Activity:
Look below for the line containing "CHEVROLET CRUZE image 7"; from there, print each line exactly up to and including the line containing "USED 2021 M", and stop.

Dataset records:
>>>>>

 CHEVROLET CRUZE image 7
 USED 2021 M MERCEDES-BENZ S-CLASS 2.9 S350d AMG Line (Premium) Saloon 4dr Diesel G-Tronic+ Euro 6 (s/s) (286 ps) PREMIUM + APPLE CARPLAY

<<<<<
>>>>>

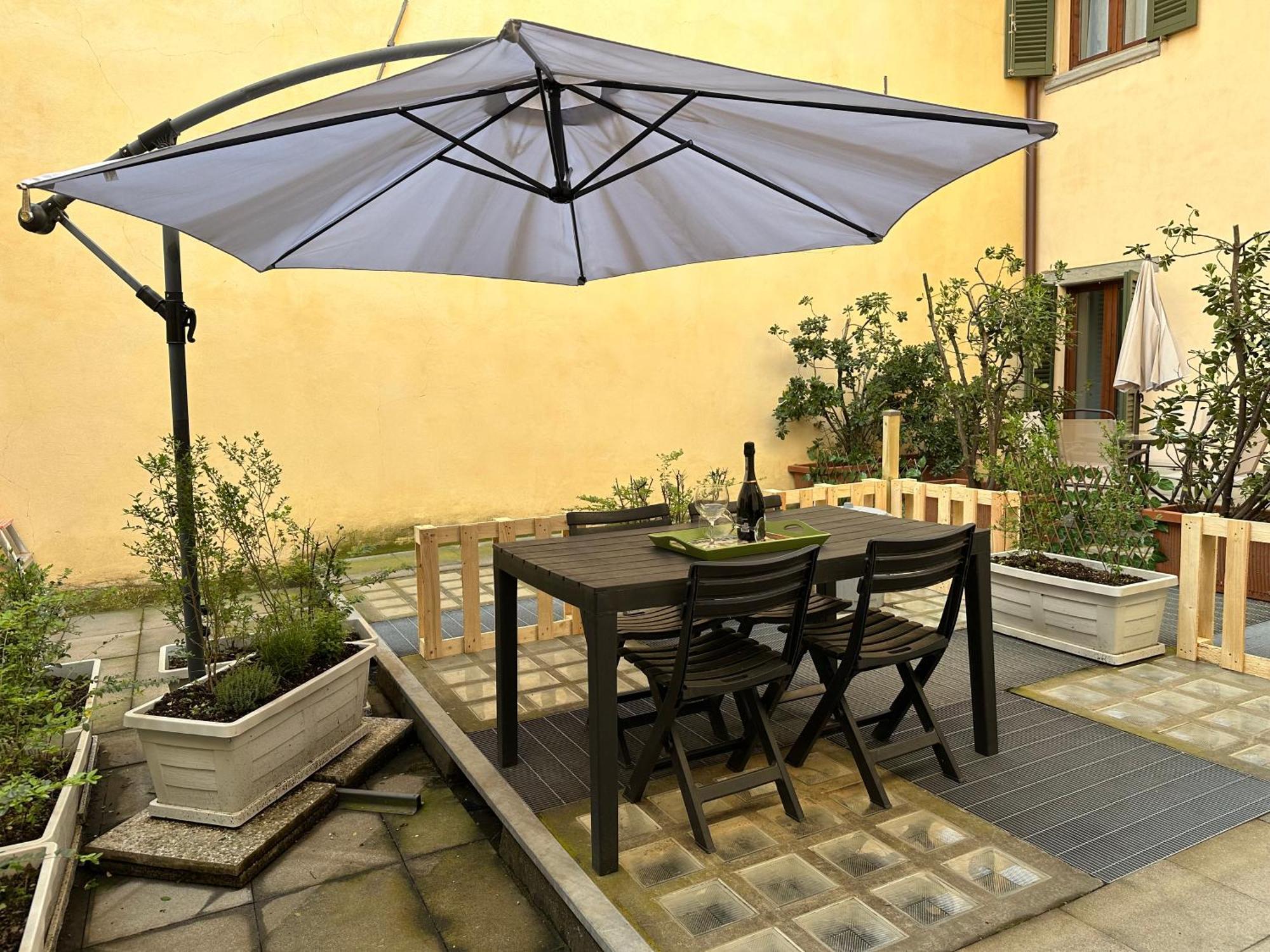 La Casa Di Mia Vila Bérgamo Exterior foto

<<<<<
>>>>>

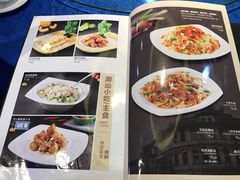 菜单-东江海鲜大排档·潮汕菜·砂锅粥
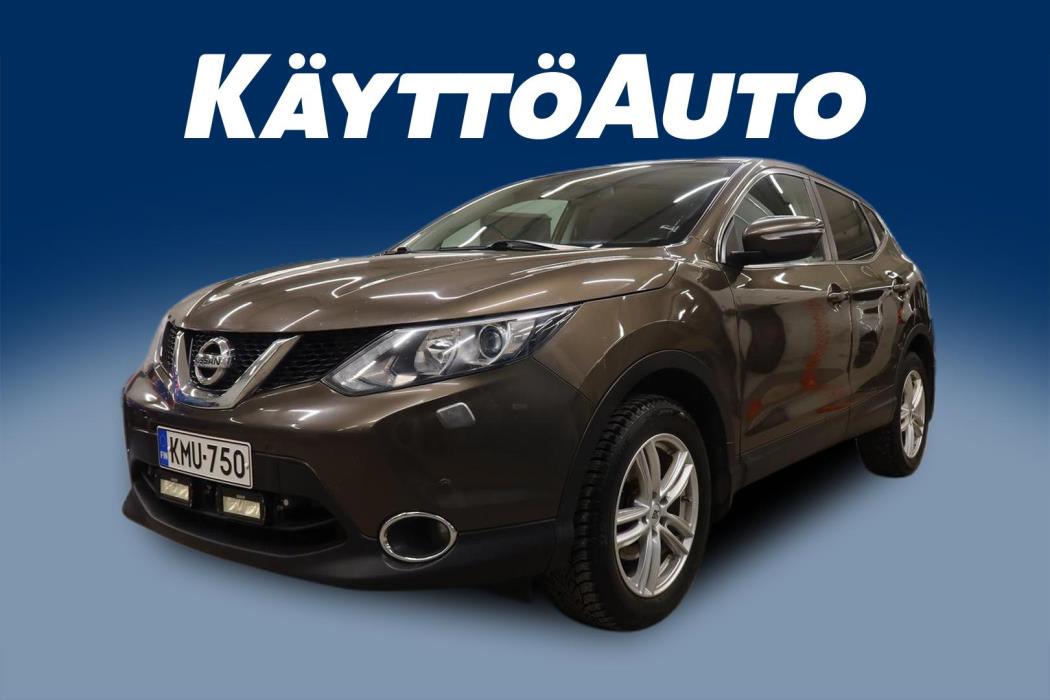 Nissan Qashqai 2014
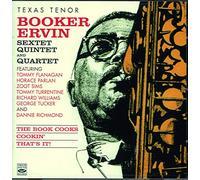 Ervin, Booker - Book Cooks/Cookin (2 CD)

<<<<<

Written answer:
 CHEVROLET CRUZE image 7
 USED 2021 M MERCEDES-BENZ S-CLASS 2.9 S350d AMG Line (Premium) Saloon 4dr Diesel G-Tronic+ Euro 6 (s/s) (286 ps) PREMIUM + APPLE CARPLAY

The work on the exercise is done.